Selon la loi de transition énergétique, la production de gaz renouvelable devra couvrir, en 2030, 10 % de la consommation de gaz. La méthanisation agricole devrait fournir un tiers de ces besoins, en s'appuyant notamment sur les cultures intermédiaires à vocation énergétique (CIVE). Dans ce contexte, le WWF France et GRDF ont réunis les acteurs de la filière pour définir les conditions de durabilité du développement de la méthanisation agricole.
« Les demandes pour la construction de nouveaux projets sont en forte croissance. (...) Le modèle de méthanisation agricole avec injection cohabite ainsi progressivement avec le modèle historique de l'unité de méthanisation avec cogénération adossée à l'élevage », notent-ils. Or, la montée en puissance des installations ayant recours aux CIVE, « associée à des contraintes de coûts de production excessives, pourrait occulter les intérêts agronomiques liés à l'introduction de la méthanisation dans les systèmes agricoles ».
La durabilité de la filière passera donc par la mise en œuvre de pratiques agro-écologiques à l'échelle de la parcelle et de l'exploitation, et par l'intégration territoriale des projets de méthanisation.

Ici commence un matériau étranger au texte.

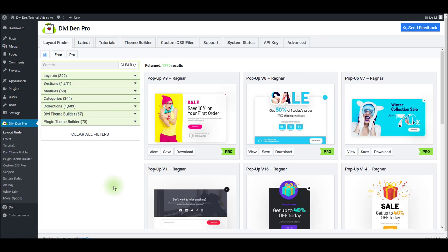Sections are combined to create complete page layouts. The only exception here is the Divi button module. A button module is not placed inside a section; it is a standalone module.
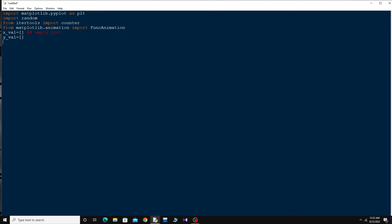For the y-axis I have to define the same empty list: y_value equals an empty list. I will give values to these lists later in the code by a process called append.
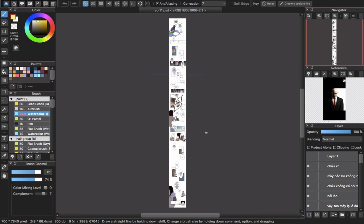Hello, welcome back to CLGTR channel. Today I will make a small tutorial to show you guys how to create a long vertical comic page to upload on Webtoon.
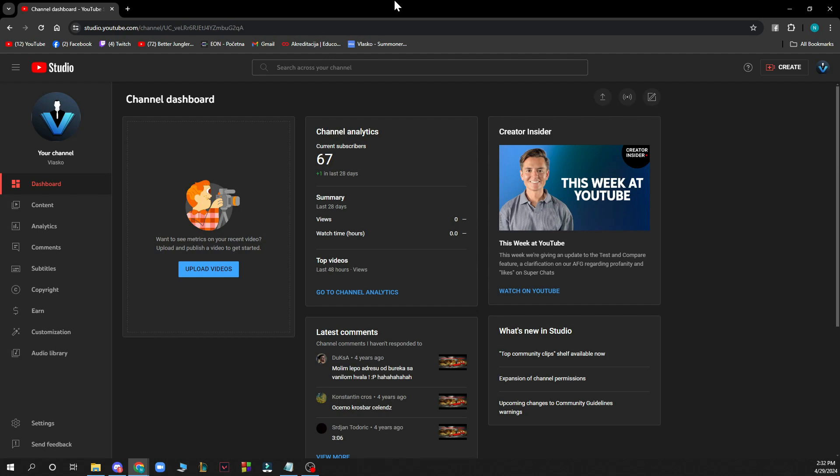When you did that, all you need to do is log into your YouTube channel. But if you do not have one, you can always register to YouTube and create your own channel.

Cultiver des CIVE dans les bonnes conditions
Les cultures intermédiaires, en venant s'insérer entre deux périodes de cultures principales (interculture), peuvent apporter de nombreux services agro-écosystémiques : amélioration de la structure du sol, lutte contre l'érosion, recyclage des éléments minéraux, stockage de carbone, maintien de la biodiversité associée, gestion des adventices…

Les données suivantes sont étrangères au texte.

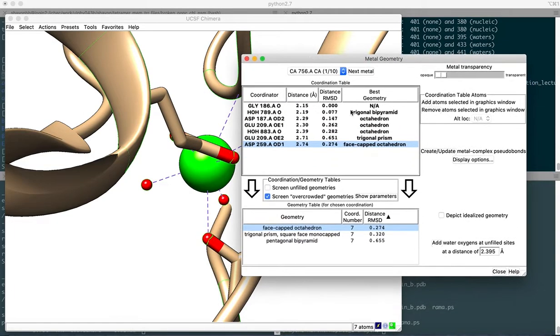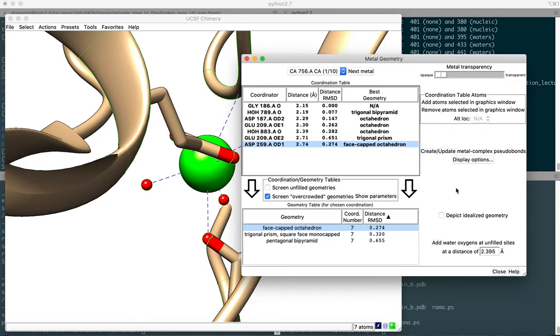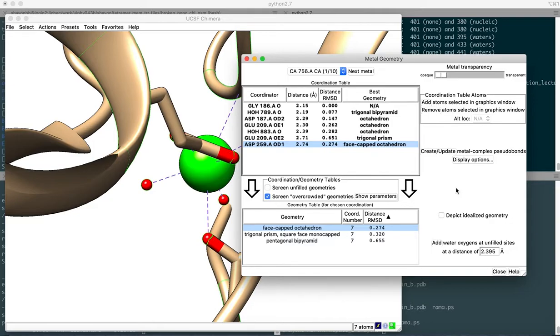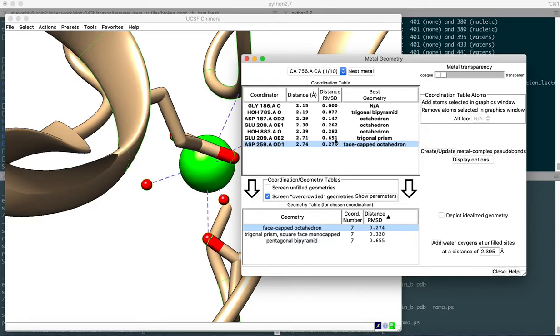Another thing that this metal geometry feature has in Chimera is depicting the idealized geometry. This is also a test for validation of the metal geometry. Once you resolve a crystal structure, you assess the geometry and it might not be correct. It might deviate from idealism, but it doesn't have to be ideal as long as the root mean squared deviation of these geometries are within range. Let's say 0.2 angstroms or even 0.65 angstroms are not that big of a difference. So this is fine.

Pour les cultures intermédiaires à vocation énergétique, l'objectif est double : assurer ces services agronomiques et produire de la biomasse pour la méthanisation. « L'objectif est de produire trois cultures en deux ans, avec deux cultures alimentaires et une interculture pour la méthanisation », détaille le document.

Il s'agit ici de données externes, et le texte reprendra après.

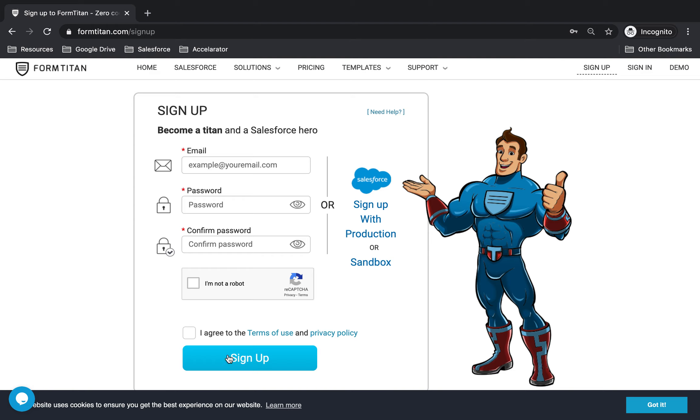But there are also two other ways which are very common. These are to sign up with your Salesforce. Within Salesforce, you have Production and Sandbox.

Dans ce cadre, les services agro-écosystémiques peuvent être « maintenus voire maximisés à condition de s'adapter aux conditions pédoclimatiques locales », estiment les acteurs. Il faut faire attention à l'espèce et à la variété choisies, et à l'itinéraire technique en fonction des conditions pédoclimatiques du territoire. Le retour au sol des digestats de méthanisation, en substitution des engrais minéraux, est essentiel, à condition de veiller à la qualité de leur stockage ainsi qu'aux qualités agronomiques et sanitaires des matières retournant au sol.
Intégrer les projets dans les territoires
« Si la pratique des CIVE permet de renforcer les liens entre acteurs agricoles au sein d'un territoire, l'exportation de leur biomasse à des fins énergétiques ne doit toutefois pas concurrencer les usages de la biomasse préexistants, telle que l'alimentation animale lorsque l'interculture était dédiée à la production de cultures dérobées notamment », précise le rapport. Les CIVE ne doivent pas non plus concurrencer la production alimentaire et décaler les cultures principales.
Pour éviter les tensions et favoriser l'acceptabilité des projets de méthanisation, le dialogue entre les différents acteurs est essentiel, notent les acteurs. « Les retours d'expérience démontrent que les coopérations autour du projet entre acteurs territoriaux sont à favoriser, et les possibilités sont multiples : mutualisation d'ingénierie, de flux de biomasse / déchets ou encore de ressources financières ». La mise en place de cette gouvernance locale « ne peut s'envisager sans la participation des riverains de l'exploitation agricole et des citoyens du territoire », estiment-ils également.